# Freebox Revolution-Wifi-AirPlay-Plex->Freeplug/aTV ou Airpo



## tomtommac (13 Juin 2013)

Bonsoir,

Après de nombreuses recherches et des bribes de réponses, je me permets de partager mes réflexions. D'abord parce que cela pourra peut-être en aider d'autres et aussi parce qu'il est possible que je me fasse de fausses idées et que je suis preneur de vos avis.
Voici le contexte et mes conclusions (pour l'instant) que j'aimerais confronter à l'avis de la communauté.

*Contexte*
Je suis l'heureux possesseur  (ou pas?) d'une *Freebox Revolution* mais aussi d'un iMac, d'un MacBook, d'un iPad et d'un iPhone (autant dire que je suis sacrément piqué par la pomme  ).
J'habite dans un appartement parisien de *60m2 de 3 pièces en enfilade*...
Mon serveur freebox est à côté de la prise téléphonique, à côté du freebox player et à côté de la télé.
Mon *iMac* est dans la pièce *à l'opposé de l'appartement* (remember, 60m2 l'appartement, alors autant dire que ce n'est pas bien loin et séparé uniquement par 2 cloisons).
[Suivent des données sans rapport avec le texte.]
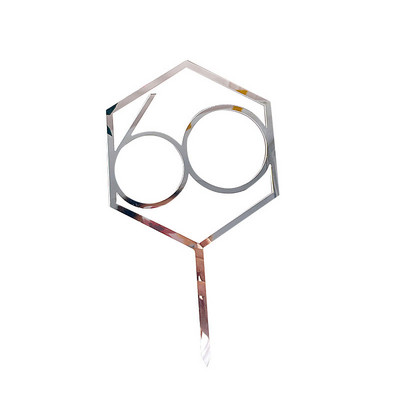 18/21/30/50. akrylová ozdoba na tortu k narodeninám so zlatým číslom, akrylová ozdoba na tortu k výročiu, narodeninovej oslave...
Par contre, Paris oblige, la concentration de wifi est importante... Il est constamment allumé avec un serveur *Plex* qui tourne parfaitement bien (j'adore)

*Mon objectif*
Jouir au mieux des fonctionnalités de la freebox et notamment :
- avoir un réseau wifi de bonne qualité
- être capable d'utiliser les capacités AirPlay de la freebox (musique, photos de puis l'iPad pex)
- être capable de voir les vidéos (y compris HD) de ma bibliothèque Plex sur ma télé branchée sur le Freebox Player

*Mon problème*
Pour ce qui est de l'écoute de la musique et la visualisation de photo via la fonction AirPlay, depuis mon iPad, dans la même pièce que le freebox server, je n'ai pas de problème.
Par contre dès que je veux voir une vidéo (HD ou non) présente sur mon iMac sur ma télé, c'est soit très très aléatoire (SD) soit complètement impossible (HD)
Au-delà de ce problème je suis assez insatisfait de la qualité du réseau wifi (ma femme aussi d'ailleurs  ). Dès que nous sommes dans la troisième pièce avec iPhone ou iPad c'est lent. Le dépôt de fichier sur le NAS du freebox serveur depuis l'iMac n'est pas fonctionnel.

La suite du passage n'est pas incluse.